Immersion cooling effects on internal parameters of lithium-ion battery: Experimental and optimization approach

Publications

Immersion cooling effects on internal parameters of lithium-ion battery: Experimental and optimization approach

Year : 2025

Publisher : Elsevier Ltd

Source Title : Journal of Energy Storage

Document Type :

Abstract

Accurate estimation of internal parameters in lithium-ion batteries is essential to develop reliable battery model, ensure safety and performance. This study presents a comprehensive approach to identify the parameters of a second-order equivalent circuit model by integrating experimental testing with advanced optimization techniques. To create a robust dataset, Open Circuit Voltage and Hybrid Pulse Power Characterization tests are conducted under two thermal conditions: natural-cooled and immersion-cooled.

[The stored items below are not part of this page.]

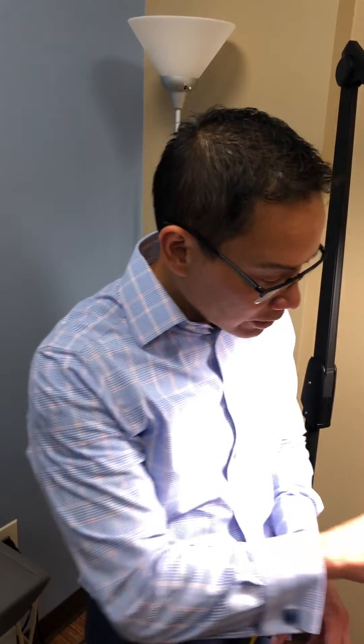Hey, it's Dr. Roval here. Today we're going to demonstrate the dialyte laser. This is a great laser for superficial blood vessels, especially the blood vessels that occur around the nose, like these little red ones.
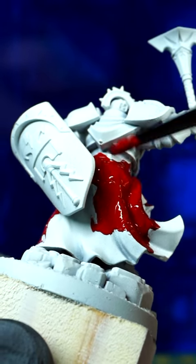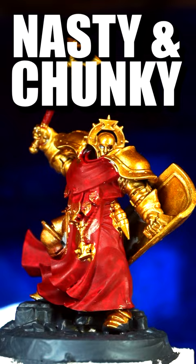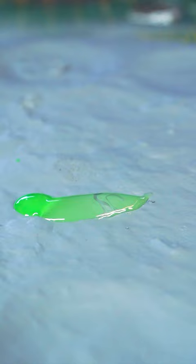Struggling with chunky paint? Getting a smooth base coat on your minis can be frustrating, but it all comes down to paint consistency. Get some paint on your palette, get some water on your palette, and add the water bit by bit until your paint reaches a smooth, milk-like consistency.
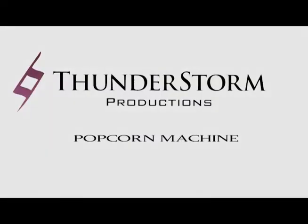Welcome to the ThunderStorm Productions Fun Food Equipment Tutorials. Here you'll find all you need to know about setting up, operating, and cleaning your fun food machines to make your event a huge success. ThunderStorm Productions — we bring the fun.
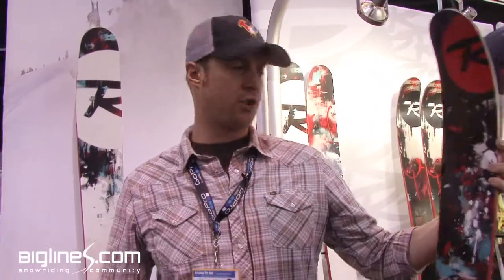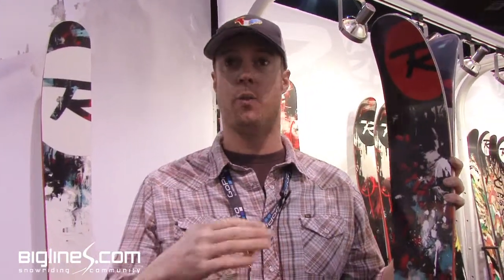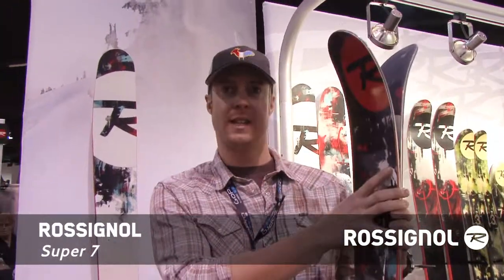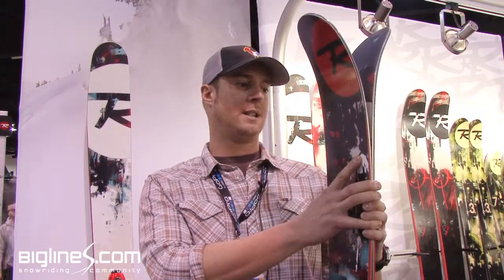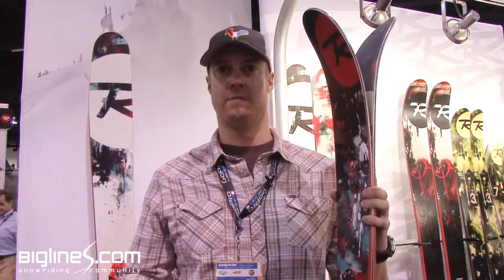What I'm holding here is the Super 7. It's the same ski that we've had last year. It comes in a 188 and a 195. It has two sheets of metal in it, so it's stiffer. The difference between this and the original S7, if you're familiar with that ski, is that it's a lot more stable when you're running fast, so it's a ski for harder charging.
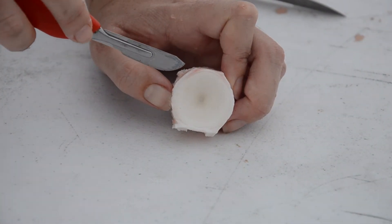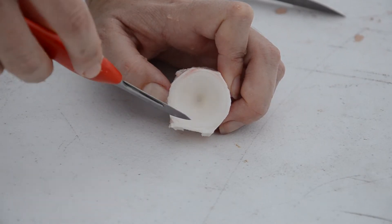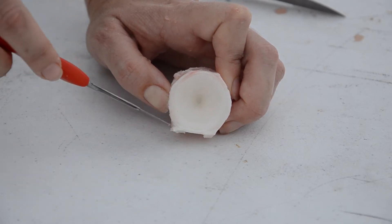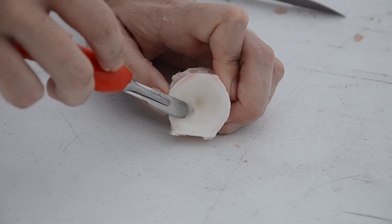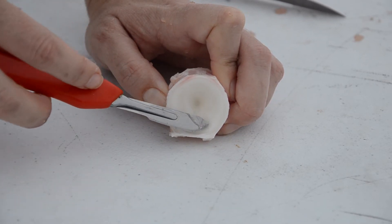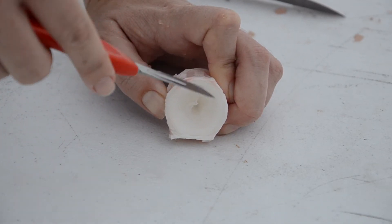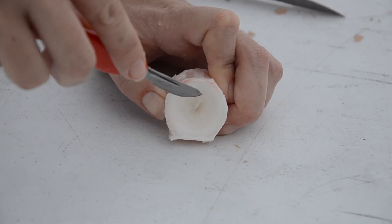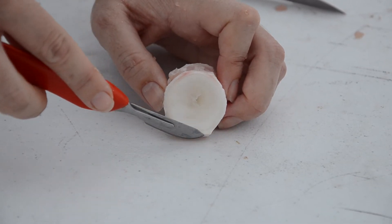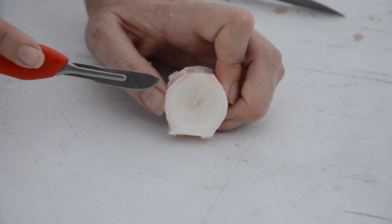Here we have a separated individual centra and now we're going to do a little bit more cleanup. It's not perfectly round so we're going to use a scalpel to remove a bit of this material. There's also jelly inside and we're going to use the scalpel to scrape that material out, being very careful of our fingers because scalpels are very sharp. We don't need to work too hard because bleach is going to do a lot of our work for us.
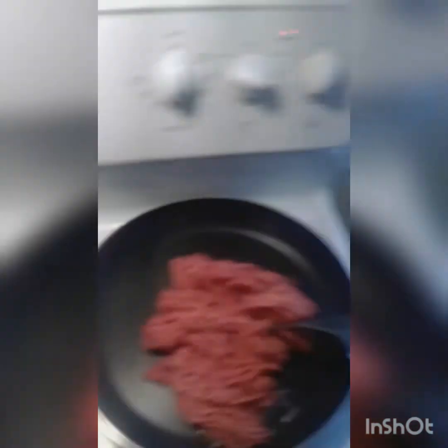Here we have one pound of lean ground beef. I'll break this up and we'll brown this. I'll show you how to season it once it's ready — it's starting to go now.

These experiments are carried out under three different C-rates: low, medium, and high, to capture the dynamic response under varying loads and temperatures of the battery. The battery parameters are optimized with the Harris Hawks Optimization (HHO) algorithm, aiming to reduce the error between the simulated and measured terminal voltages. Model validation was performed by comparing voltage outputs before and after optimization, in terms of root mean square error (RMSE), mean absolute error, and maximum error. Furthermore, the proposed method was benchmarked in contrast to optimization algorithms, such as Particle Swarm Optimization, Cuckoo Search Algorithm (CSA), and Improved CSA. In comparison to listed optimization algorithms, HHO offers faster convergence and robust to initial parameter guesses. However, existing methods, including PSO and Cuckoo Search, often suffer from premature convergence, sensitivity to initial conditions, and high computational costs, limiting their accuracy for complex dynamics of the battery. The HHO-based model achieved the lowest RMSE value of 0.06% under natural-coolant conditions, which highlights the effectiveness in the parameter estimation. This work demonstrates the significance of thermal management using HHO as a promising tool to enhance the accuracy in parameter estimation of the battery model.